Table of Contents
Problem Statement
Production database was hosted on a 6 Node RAC setup and used for PeopleSoft application.
Dataguard configured with LOCAL FAR SYNC (same DC) and REMOTE FAR SYNC (Remote DC at 30Km).
When LOCAL FAR SYNC is enabled, application runs fluently.
With Remote FAR SYNC enabled, one of the PeopleSoft module “Integration Broker” was affected.
Slow IB messages flow observed while comparing with normal behavior.
Most of the messages were stuck with “Started” status.
What is PeopleSoft Integration Broker?
To perform asynchronous and synchronous messaging among internal systems and third-party systems.
Expose PeopleSoft business logic as web services to PeopleSoft and third-party systems.

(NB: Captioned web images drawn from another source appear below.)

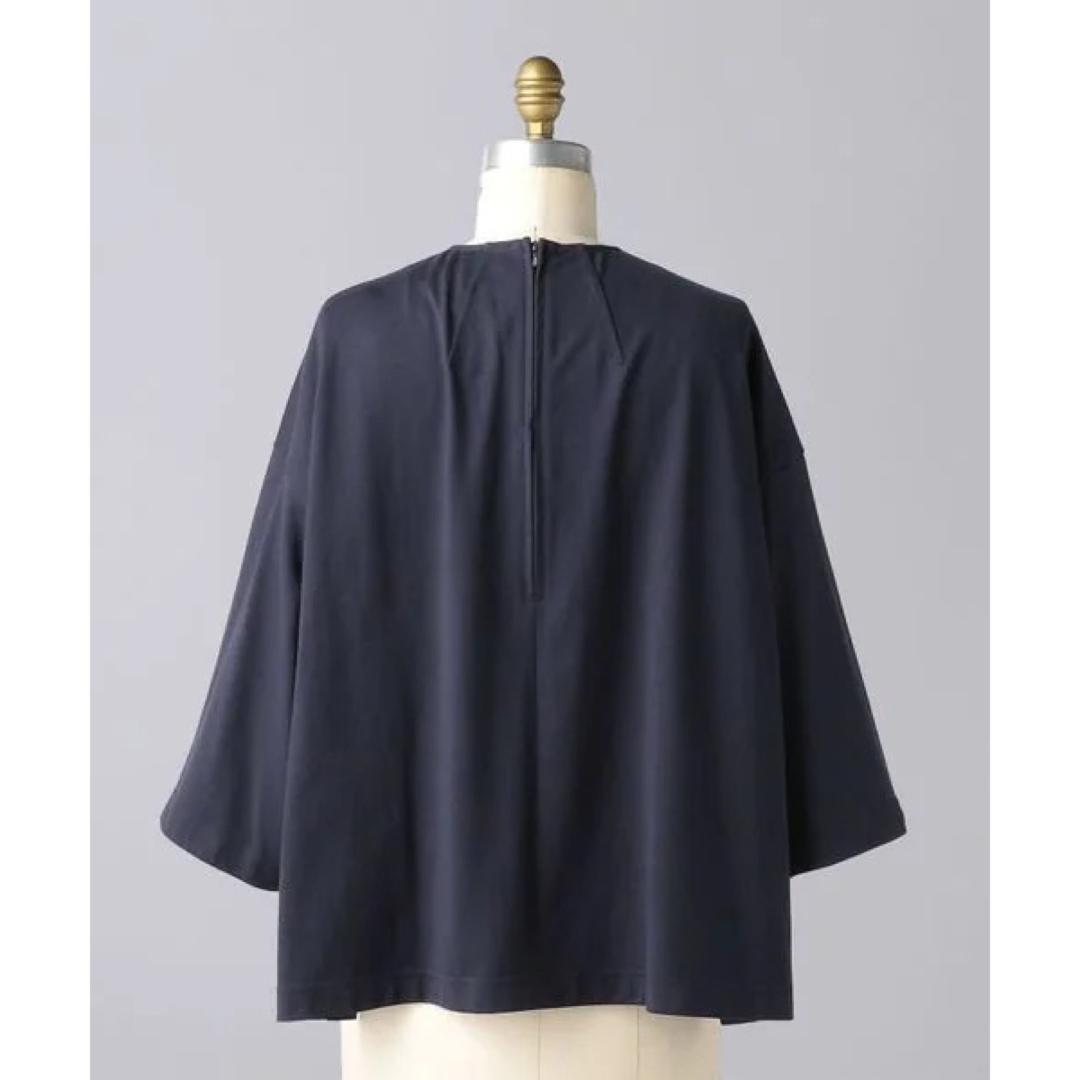 BLAMINK ブラミンク フレア コットン カットソー-www.pradafarma.com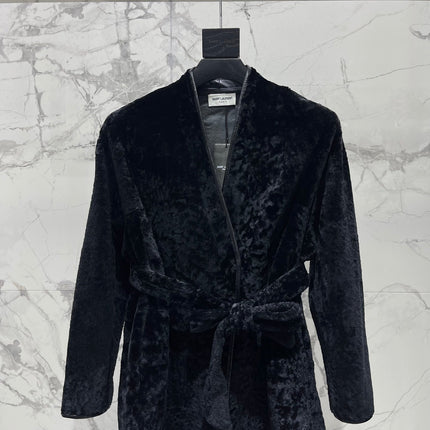 YSL 25S SHEARLING COAT STYLE 230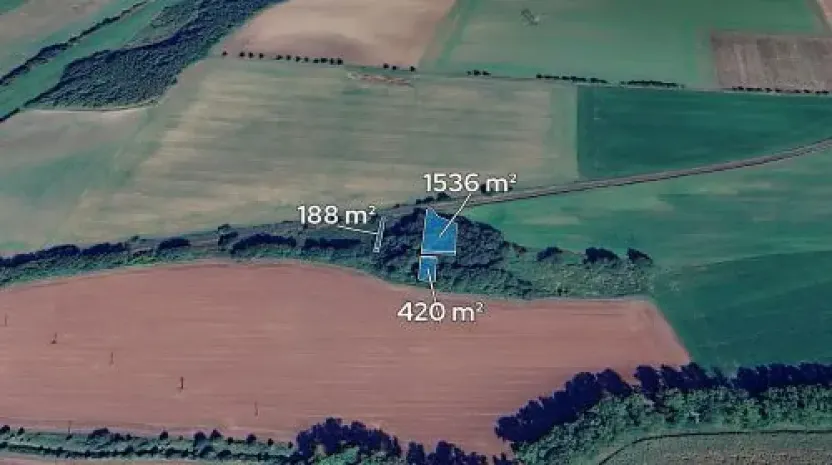 Prodej pole, Lázně Bělohrad, 1966 m2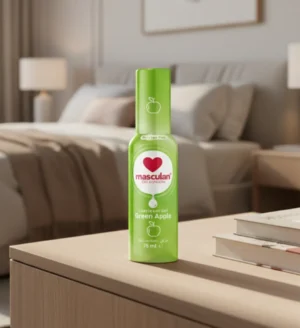 مسكولان جل طبي مزلق بنكهة التفاح الأخضر ومنعش – 75 مل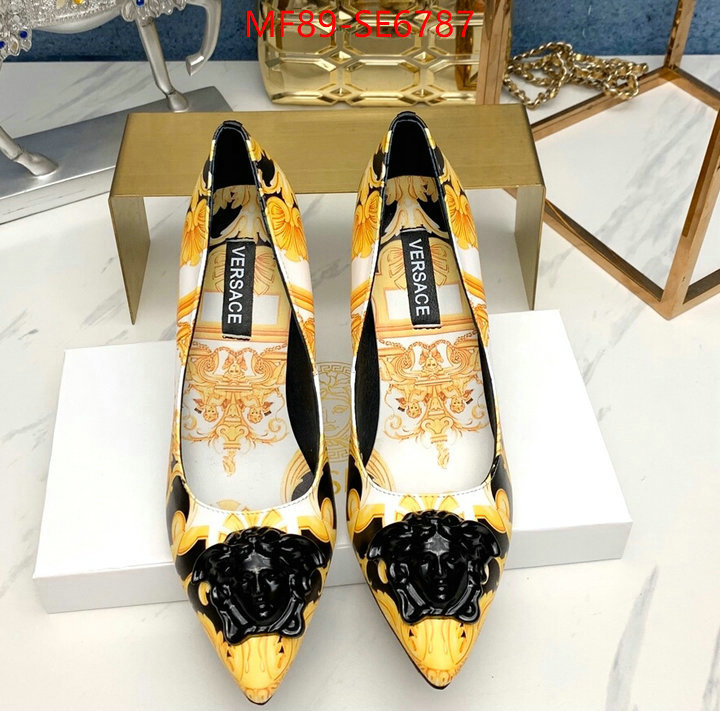 Women Shoes-Versace,aaaaa+ replica ID: SE6787,$: 89USD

Consume and invoke web services from third-party and PeopleSoft systems.
In this setup, asynchronous messaging architecture has been used.
Integration Broker asynchronous messaging architecture
The publication broker, publication contractor, and subscription contractor services are the primary application server elements required for asynchronous messaging. The publication broker service routes the workload to both contractor server processes.
Publication broker
Acts as the routing mechanism. When an asynchronous service operation arrives in its queue, the publication broker service runs the defined routing rules. If the service operation needs to be published to a remote node, it routes the service operation to the publication contractor service. If the service operation is subscribed to on the local node, then the publication broker routes the service operation to the subscription contractor service. Routing involves submitting either a subscription or publication contract to the appropriate contractor, followed by an asynchronous call to the contractor service notifying it that work is waiting in the queue.

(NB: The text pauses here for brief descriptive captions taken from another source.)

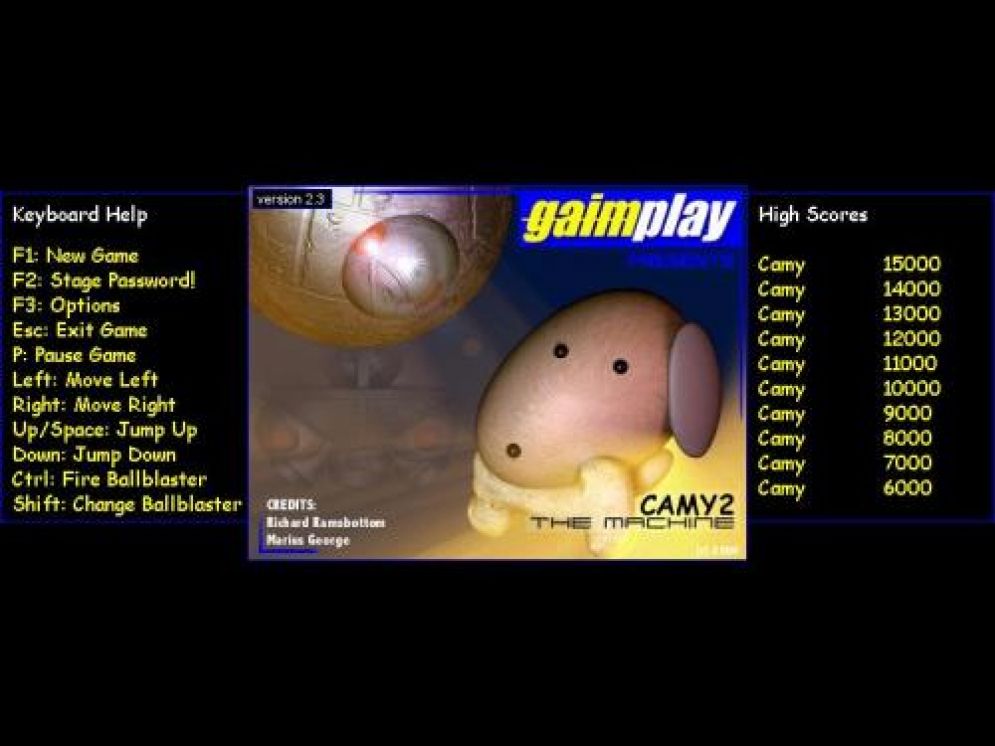 Screenshot ze hry Camy 2: The Machine - Recenze-her.cz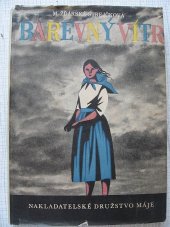 kniha Barevný vítr [román], Orbis 1944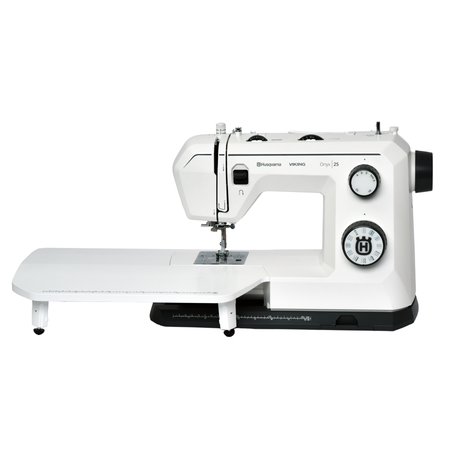 HUSQVARNA® VIKING® ONYX™ 25 Sewing Machine + Extension Table Bundle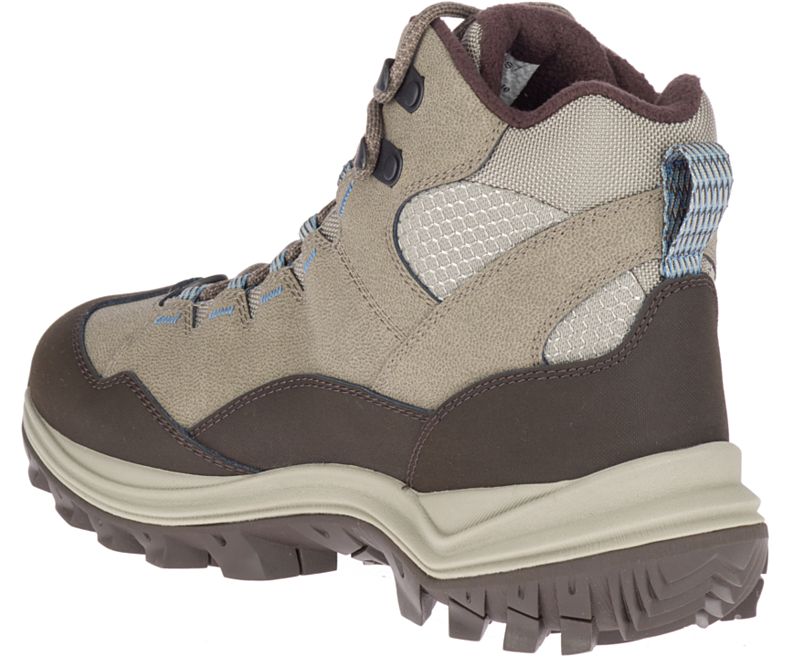 Merrell Thermo Chill Mid Vanntette Fjellsko Dame Brune | 32358W-1HB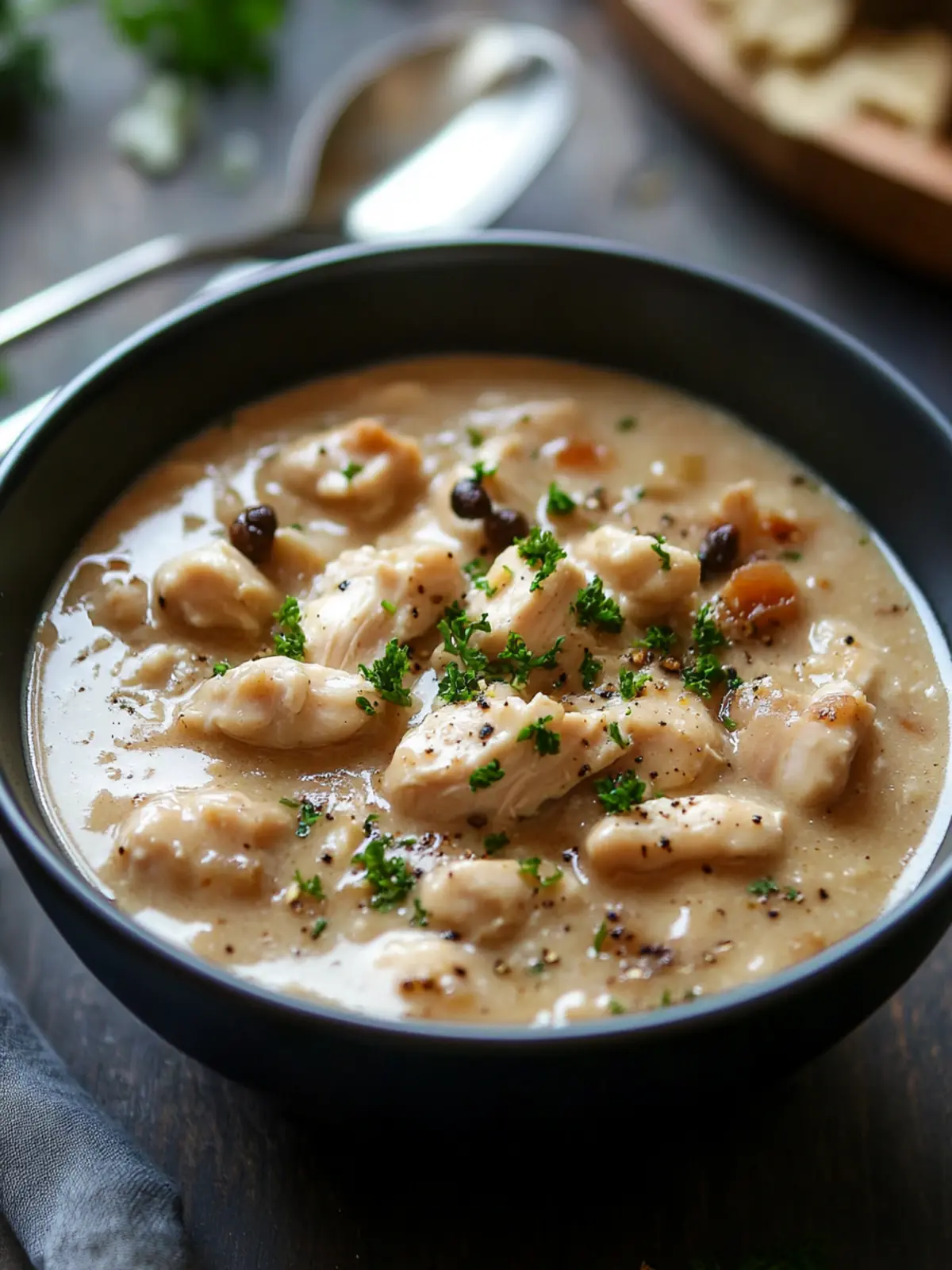 Crockpot Chicken And Gravy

Server Processes – Broker dispatcher (PSBRKDSP), Broker handler (PSBRKHND)
Publication contractor
References the publication contract submitted by the publication broker service and performs an HTTP post of the publication service operation to the integration gateway. When the integration gateway sends a reply indicating that it received the publication service operation, the publication contractor service updates the publication contract with the status of subscription processing (Done or Retry).
Server Processes – Publication dispatcher (PSPUBDSP), Publication handler (PSPUBHND)
Subscription contractor
References the subscription contract submitted by the publication broker service and runs the appropriate notification People Code. Then it updates the subscription contract concerning the status of the subscription processing.
Server Processes – Subscription dispatcher (PSSUBDSP), Subscription handler (PSSUBHND)
Note: At database server, we can see individual processes initiated by IB module with IB server processes caption.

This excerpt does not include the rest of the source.